Update - I updated the recipe and your guess was spot on - I used 310 ml stock 🙂
Rosemary Argent
so easy and delicious, hubby made it for tea tonight without the chilli and it was demolished in minutes great recipe.
VJ
Thank you - I'm glad you enjoyed it!
Dawn Russell
Lovely recipe. Tastes so good but In the recipe blog it states 290 degrees Celsius. I didn’t scroll down to find the actual recipe until third time of making it. Now I know why the rice hasn’t always cooked and I have to add a bit more water - I evaporated out all the water at that high temperature!

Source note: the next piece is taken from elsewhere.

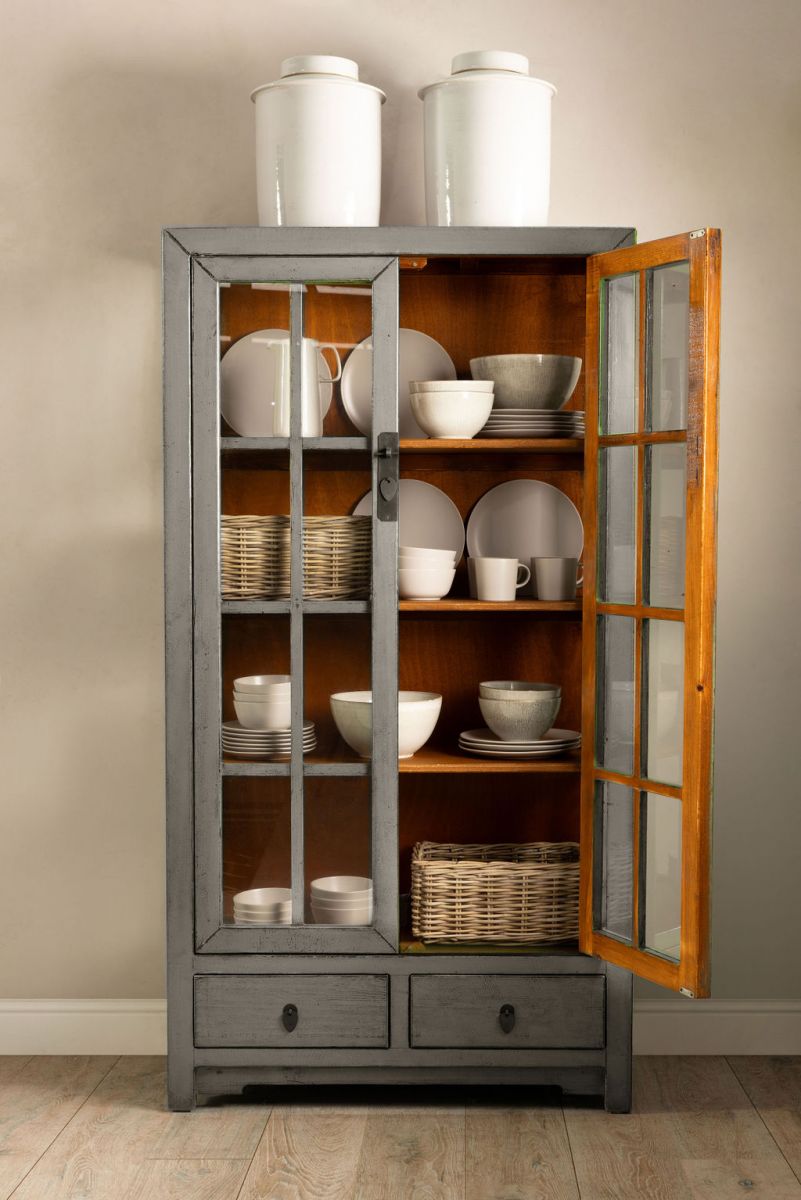 Cabinet with glass doors and drawers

Someone needs to get a proof reader me thinks ☺️
VJ
Oops - proof reader (ie me) fired!!!!!!! I'll check and update the post. Thanks for pointing it out :). Fixed - should have been 190 not 290. Bit of a slip of the finger there. If you want a job as a proof reader I'm hiring 🙂
Lynda
The rice didn't get cooked at all even though I followed this recipe exactly.
VJ
I'm sorry to hear that - I've made this recipe many time with no problems. What sort of rice did you use?
Robert
Good recipe, the quantiles required a larger baking dish. As it turned out the quantities of veggies (which are my favorite veggies) would allow more fish. I would suggest cooking the rice before adding it to the recipe. I used regular bagged rice and much of it did not cook. I do not know if using Minute Rice would make a difference.
Good, easy and healthy!
VJ
I'm glad you enjoyed the recipe, but sorry your rice was still hard. Did you keep to the rice/liquid ratio of the recipe? I just use normal basmati rice that you can buy in any supermarket and I've never had a problem with it not cooking.
D A Moat
(took the fresh tomato's out) added chorizo, tin tomato's and peas as well as ground garlic, fried off the chorizo added the pepper and onion to that, heated the tin tomato's with the garlic, paprika, chilli flakes and stock cube as well as 200 mill water put rice in base of dish, put veg/chorizo mix on top of the rice, pour tomato stock mix over that, cover place in oven 15 mins place fish on top cook for a further 10 mins, add fresh or defrosted frozen peas cook for a further 5/7 mins sprinkle with fresh parsley serve with a wedge of lemon
VJ
That's what cooking is all about - finding a recipe and then adapting it to your own taste.
Beverly
This is very tasty ..I used a 9” square glass dish Needed about 5 more minutes for rice! Very tasty not very healthy . Way high in the nutrition numbers!!
Becky White
I'm currently cooking this dish for the second time in 2 weeks. It was delicious and loved by everyone in the family.
VJ
That's fantastic Becky. I'm so pleased you enjoyed it.